■ **Activity**: Wherever a picture appears in the listing below, leave it out and reproduce the rest exactly.

■ **Recorded data**:
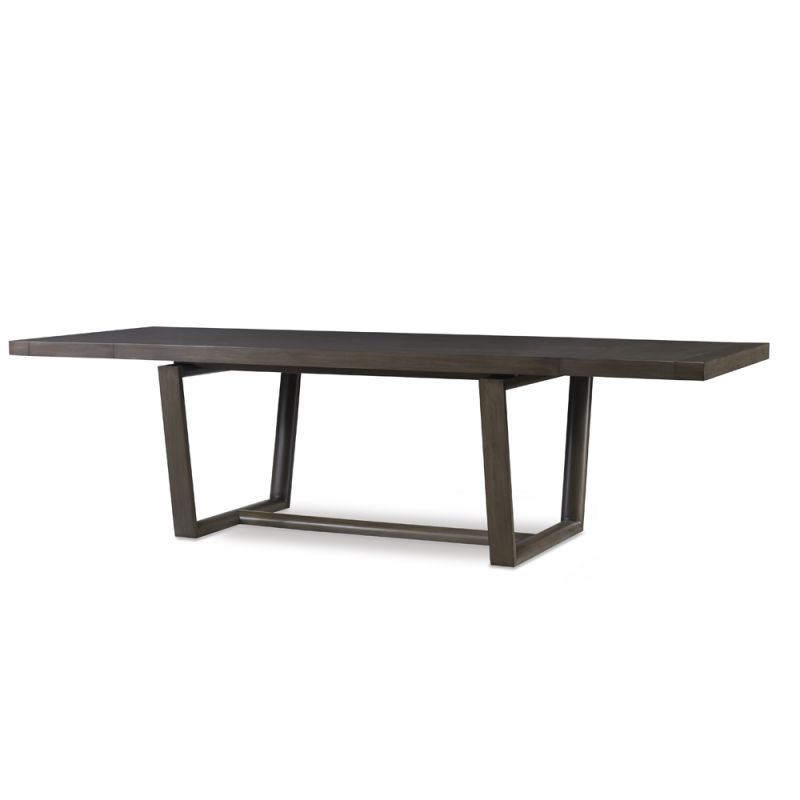Century Furniture - Curate - Hatteras Rect. Dining Table-Mink - CT4008-MK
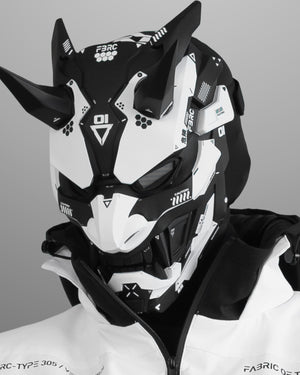 ONI v2 Panda Full Cyber Mask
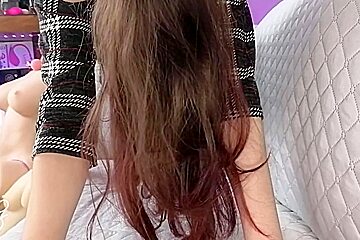 See How This Lovense Dolce Fits In My Tiny Pussy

■ **Solution to the exercise**:
Century Furniture - Curate - Hatteras Rect. Dining Table-Mink - CT4008-MK
 ONI v2 Panda Full Cyber Mask
 See How This Lovense Dolce Fits In My Tiny Pussy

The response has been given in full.